Just Sayin January 11, 2013 at 08:27 PM
The Historic District exception is a problem...it seems to arbitrarily discriminate against similarly situated homes not inside of the district (i.e., other old, "historic" homes near BFE but just so happen to be outside the district and where elevation is impossible or impractical - the article does not quote those words directly and I'll assume you used them for argument sake). The impossible/impractical qualification is problematic because the people who raise homes will tell you they can raise any home and one person's impractical (re: too expensive) is another person's practical. These are not solid bases for a policy exception. Homeowners who meet all of the requirements for the Historic District exemption except are not in the District would have a pretty solid claim of undue hardship...
Sid Hess January 11, 2013 at 09:39 PM
The answer to Question #25 in FEMA Pub 213, Questions about Substantially Damaged Buildings, makes clear that it's not what is spent but what needs to be spent. Seems to preclude "creeping improvements".
Eric Sauder January 11, 2013 at 10:52 PM
There are two separate issues here. One is the elevation that FEMA requires to obtain flood insurance. The other is the elevation the City requires to obtain a building permit, assuming the cost of remediation exceeds 50% of the assessed value of a home. I believe there are people living here who simply want to remediate their flood damage but are willing to take their chances with a future flooding event (without flood insurance) thinking that if they get flooded again they can sell out then. They may be unwilling to spend the money to elevate, or may not have the money to elevate. The problem is that because of the elevation requirements of the City and the 50% rule they might not be able to rennovate their homes without elevating them. The assessed value of the actual home (structure) is in many case a fraction of the assessed value of the property. Consequently those people may have no other option but to sell out. The market could become saturated and they might have to sell for pennies on the dollar. Some developer will buy their property at a discount, rebuild, and make a killing off of it. What is important to realize is that two entities come into play that regulate differently. And whay they regulate is also different. Be careful not to confuse FEMA's requirements for flood insurance with the City's requirments for obtaining a building permit.

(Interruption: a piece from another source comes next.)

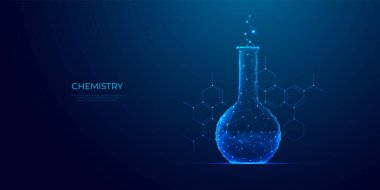 Bilim kimyası konsepti. Kimyasal formüllü mavi arka plan üzerinde çokgen laboratuvar tüpü. Dijital laboratuvar testi. Bilim ya da tıp geçmişi. 3B efektli soyut vektör çizimi.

Still Just Sayin January 12, 2013 at 01:04 AM
Eric - Good advice. One caution, city rules must comply with FEMA's especially because we participate in the National Flood Insurance Program. The city has some flexibility (as a general rule a state or local govt can make rules or laws toughen a fed law but not weaken it - this applies to regulations too). Your comment can be interpretted to suggest that we are dealing with two independant and distinct rules/requirements.
Eric Sauder January 12, 2013 at 01:38 AM
I hear you. Compliance with one is necessary for obtaining flood insurance. Compliance with the other is necessary to obtain a building permit (in some cases). Yes the City should adopt an ordinance that is consistent with the requirments of FEMA. The problem is, at this point, no one knows exactly what those requirements will be. Which is why it was such a bad idea to push this ordinance thru..
George January 13, 2013 at 03:33 PM
one more implication for local businesses. Would it be true that they too would have to raise their building heights? so restaurants, hardware stores, ice cream parlors etc would all have steps to get inside and how would they handle ADA requirements? big ramps, elevators, not to mention how out of compliant with ADA they are now. ever seen some of the bathrooms? figure out how to get a wheel chair in there.